Judicial decisions and precedent
In common law, judicial decisions are recorded in reports of decided cases, which serve as precedents for future cases. These reports outline the facts of the case, the legal issues involved, and the court's ruling. The principle of stare decisis, a Latin phrase meaning "to stand by things decided", is central to common law. Stare decisis dictates that courts and judges should follow previous decisions and rulings, or case law, when dealing with similar cases in the future. This ensures consistency and stability in the legal system.
The role of judges in common law is crucial. Judges presiding over cases determine which precedents are applicable to the specific case at hand. While higher court decisions are typically binding on lower courts, lower courts have some flexibility. They can modify, deviate from, or overturn precedents if they are outdated or if the current case significantly differs from the precedent. This allows for adaptability and interpretation within the legal framework.

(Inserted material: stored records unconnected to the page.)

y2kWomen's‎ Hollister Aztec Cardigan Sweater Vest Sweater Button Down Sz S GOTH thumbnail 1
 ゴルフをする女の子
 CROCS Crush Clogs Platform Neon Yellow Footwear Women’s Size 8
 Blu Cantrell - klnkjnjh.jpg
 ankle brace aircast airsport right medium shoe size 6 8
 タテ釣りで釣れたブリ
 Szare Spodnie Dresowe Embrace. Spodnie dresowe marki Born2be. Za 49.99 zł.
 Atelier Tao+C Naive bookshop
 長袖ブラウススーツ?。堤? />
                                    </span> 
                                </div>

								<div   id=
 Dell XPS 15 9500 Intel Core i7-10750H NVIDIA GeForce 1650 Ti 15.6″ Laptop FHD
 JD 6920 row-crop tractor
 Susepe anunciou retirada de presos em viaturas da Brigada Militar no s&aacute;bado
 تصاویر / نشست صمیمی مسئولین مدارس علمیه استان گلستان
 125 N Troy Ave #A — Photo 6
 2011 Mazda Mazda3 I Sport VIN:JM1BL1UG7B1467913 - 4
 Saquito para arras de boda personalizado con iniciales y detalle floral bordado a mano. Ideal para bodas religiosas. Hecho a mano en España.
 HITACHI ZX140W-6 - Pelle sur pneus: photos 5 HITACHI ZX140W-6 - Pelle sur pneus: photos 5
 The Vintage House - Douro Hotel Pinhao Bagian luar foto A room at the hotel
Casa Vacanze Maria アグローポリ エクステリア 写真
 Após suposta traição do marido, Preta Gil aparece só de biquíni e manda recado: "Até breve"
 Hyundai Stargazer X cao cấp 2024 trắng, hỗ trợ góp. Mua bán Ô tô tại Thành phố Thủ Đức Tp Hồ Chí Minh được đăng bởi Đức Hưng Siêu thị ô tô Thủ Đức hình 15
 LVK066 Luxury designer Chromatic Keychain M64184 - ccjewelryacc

Common law evolved from the English legal system in the Middle Ages, specifically in the King's Court (Curia Regis). Over time, it spread to other parts of the world, including the United States and Commonwealth countries, influencing their legal systems. Today, the US operates under a dual system of both common and civil law. While civil law provides clear rules for judges to follow, common law allows for interpretation and adaptability to changing circumstances. This distinction is particularly important as technology advances and new situations arise that were not contemplated by the legislature.
The sources of common law include primary and secondary sources. Primary sources are the actual law, including court cases and their rulings, also known as case law. Secondary sources help to understand and locate primary sources and include legal dictionaries, encyclopaedias, law reviews, and legal treatises. These sources contribute to the development and interpretation of common law, ensuring a consistent and adaptable legal framework.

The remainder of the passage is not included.